To get a rough idea of whether the estimate of 86.3 million tonnes of commercial landings is sensible, we looked at Sea Around Us’s Tools & Data page, selecting Fishing sector for the dimension, as shown in the screenshot below.
The Sea Around Us data reports about 80 million tonnes, which is somewhat less than what we report (86.3 million); however, this seems reasonable considering differences in methodology. For example, our data is configured a bit differently from the SAUP data in that we included Illegal, Unreported, and Unregulated landings (IUU) in landings. This and other differences can easily lead to this level of difference, and regardless, we can assume that this is close enough to seem like a reasonable value. An example of a value that wouldn’t make sense in this context is one in a different order of magnitude, such as 1 billion, 10 thousand, or potentially 100 million above or below this estimate.
After getting a better understanding of these data, we want to see how projecting it to a new CRS will alter the data. Specifically, we will project the data from EPSG:4326 to Mollweide and investigate how this alters the data through exploratory analyses of the raster framework and data. SPOILER ALERT: Because we are working with count data (i.e., tonnes), this will result in an error!
We often use the Mollweide projection in our research because it is an equal area projection that is easier to work with and does not visually distort the significance of the poles.

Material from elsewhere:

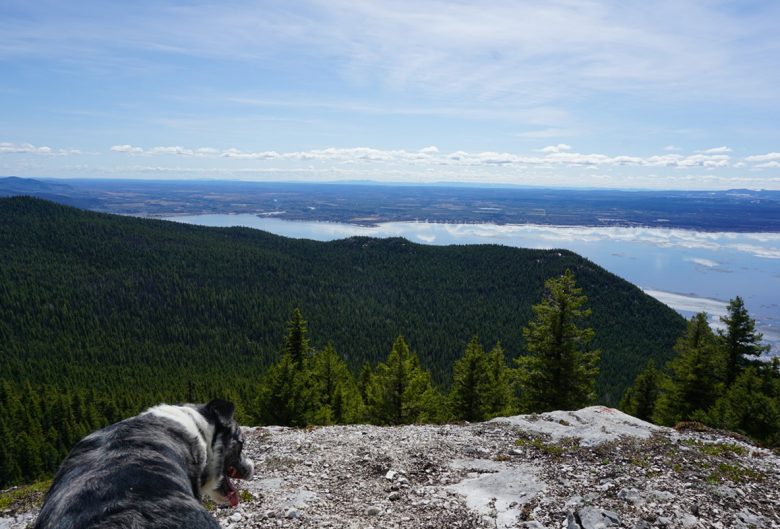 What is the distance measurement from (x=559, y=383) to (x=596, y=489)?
15.1 m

In the code chunk below, we’ll project the CRS from WGS 84 (EPSG:4326) to Mollweide – the projected CRS used in most OHI rasters. We’ll also plot the log-transformed projected data, as we saw when visualizing the data earlier, the non-transformed data is not very helpful for visualizing general patterns.
# define Mollweide CRS specifications
moll <- "+proj=moll +lon_0=0 +x_0=0 +y_0=0 +datum=WGS84 +units=m +no_defs"

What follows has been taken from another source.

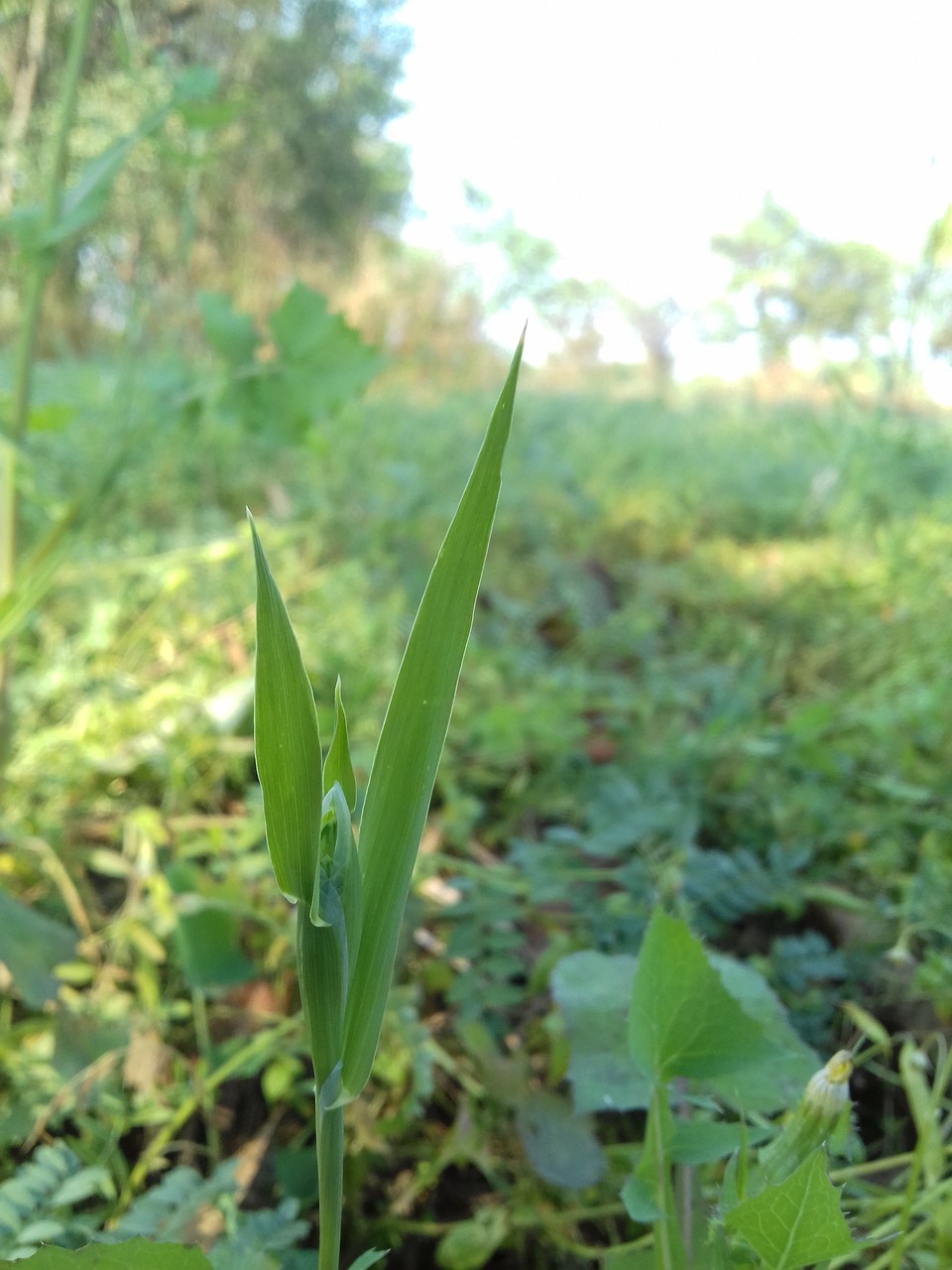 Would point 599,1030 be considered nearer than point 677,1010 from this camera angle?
No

# project data to Mollweide
fish_moll <- terra::project(fish, terra::crs(moll))
# Let's plot to see how this transformation impacted the data!
# plot data projected to Mollweide
terra::plot(log(fish_moll + 1), main = "Transformed CRS: Mollweide")
# compare to original CRS
terra::plot(log(fish + 1), main = "Original CRS: WGS 84 EPSG 4326")

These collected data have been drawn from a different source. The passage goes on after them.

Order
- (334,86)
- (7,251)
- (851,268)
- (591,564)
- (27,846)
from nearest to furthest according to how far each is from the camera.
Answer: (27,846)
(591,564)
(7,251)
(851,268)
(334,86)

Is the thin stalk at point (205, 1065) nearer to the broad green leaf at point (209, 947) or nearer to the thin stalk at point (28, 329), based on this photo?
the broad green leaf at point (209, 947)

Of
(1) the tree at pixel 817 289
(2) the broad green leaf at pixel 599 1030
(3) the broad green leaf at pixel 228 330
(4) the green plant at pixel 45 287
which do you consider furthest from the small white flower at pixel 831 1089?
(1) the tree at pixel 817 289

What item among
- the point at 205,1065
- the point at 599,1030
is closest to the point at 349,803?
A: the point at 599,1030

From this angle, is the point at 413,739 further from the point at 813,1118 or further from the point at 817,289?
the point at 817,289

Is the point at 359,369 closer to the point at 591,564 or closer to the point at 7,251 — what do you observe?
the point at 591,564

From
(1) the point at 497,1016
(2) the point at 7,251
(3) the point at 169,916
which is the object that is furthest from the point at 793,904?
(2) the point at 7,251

When looking at the Mollweide plot, even when comparing it to the plot of the data in its original CRS, the values don’t appear to have changed dramatically. We can see that the shape is quite different though – we’ve gone from a rectangle to an oval, and can see the warping and changes around the edges, especially at the polar extremes. There are still aggregations of higher values around the coasts of Northern Europe, East and Southeast Asia, and Alaska.
The projection also changed the resolution of the data!
We can see this by using terra::cellSize()
again and printing out summary information:
# calculate cell area
cell_area_moll <- terra::cellSize(fish_moll)
print(cell_area_moll)
class : SpatRaster
dimensions : 764, 1546, 1 (nrow, ncol, nlyr)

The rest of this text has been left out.